Actuellement, en dehors de la factorerie Verdier, il y a une factorerie anglaise (Swanzy, de Londres) et une factorerie libérienne.
La forme générale de toute la côte qui borde nos possessions est remarquablement droite ; elle est due à un courant marin venant de l’est. C’est ce courant qui a fait disparaître les baies et les contours accidentés de la côte, en entraînant avec lui et en déposant parallèlement à son cours les alluvions apportées par les nombreux cours d’eau venant de l’intérieur.
L’absence d’anfractuosités sur la côte en rend l’accès difficile dès qu’il y a une forte houle. Les grandes lames venant du large déferlent sur la plage et se brisent quand elles arrivent vers les fonds de 7 et 8 mètres. Ce phénomène est appelé la barre sur toute la côte d’Afrique.
Factorerie Verdier à Grand-Bassam. (D’après une photographie de M. Ch. Alluaud.)

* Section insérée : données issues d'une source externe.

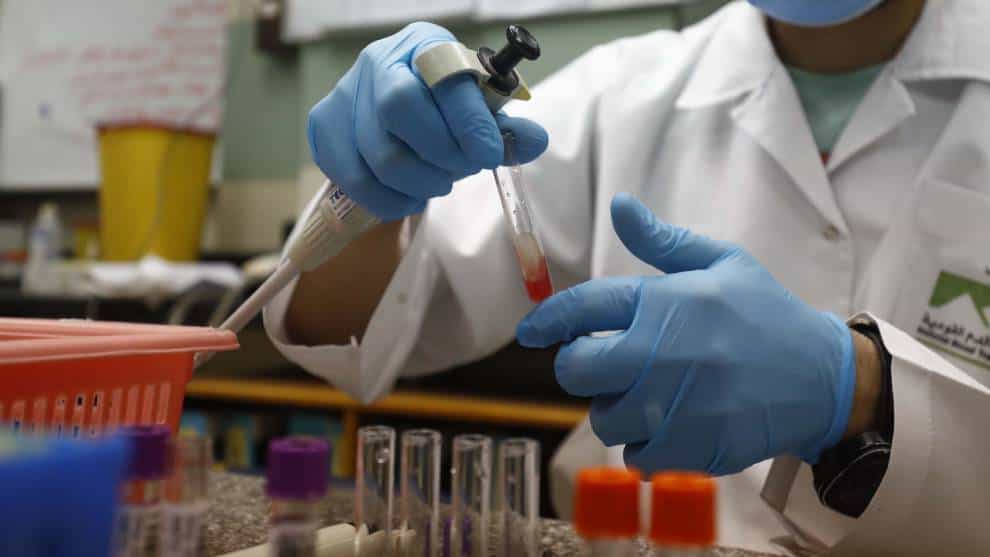 Tratamiento para coronavirus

La barre se modifie suivant la force des vents et celle des raz de marée. Devant Grand-Bassam, la barre se forme par les fonds de 7 à 10 mètres, et vient briser à une vingtaine de mètres de la plage. Ce mouvement de brisants perpétuels, accompagné de raz de marée, rogne ou augmente la largeur de la plage, de sorte que la distance de la factorerie à la mer varie tous les ans.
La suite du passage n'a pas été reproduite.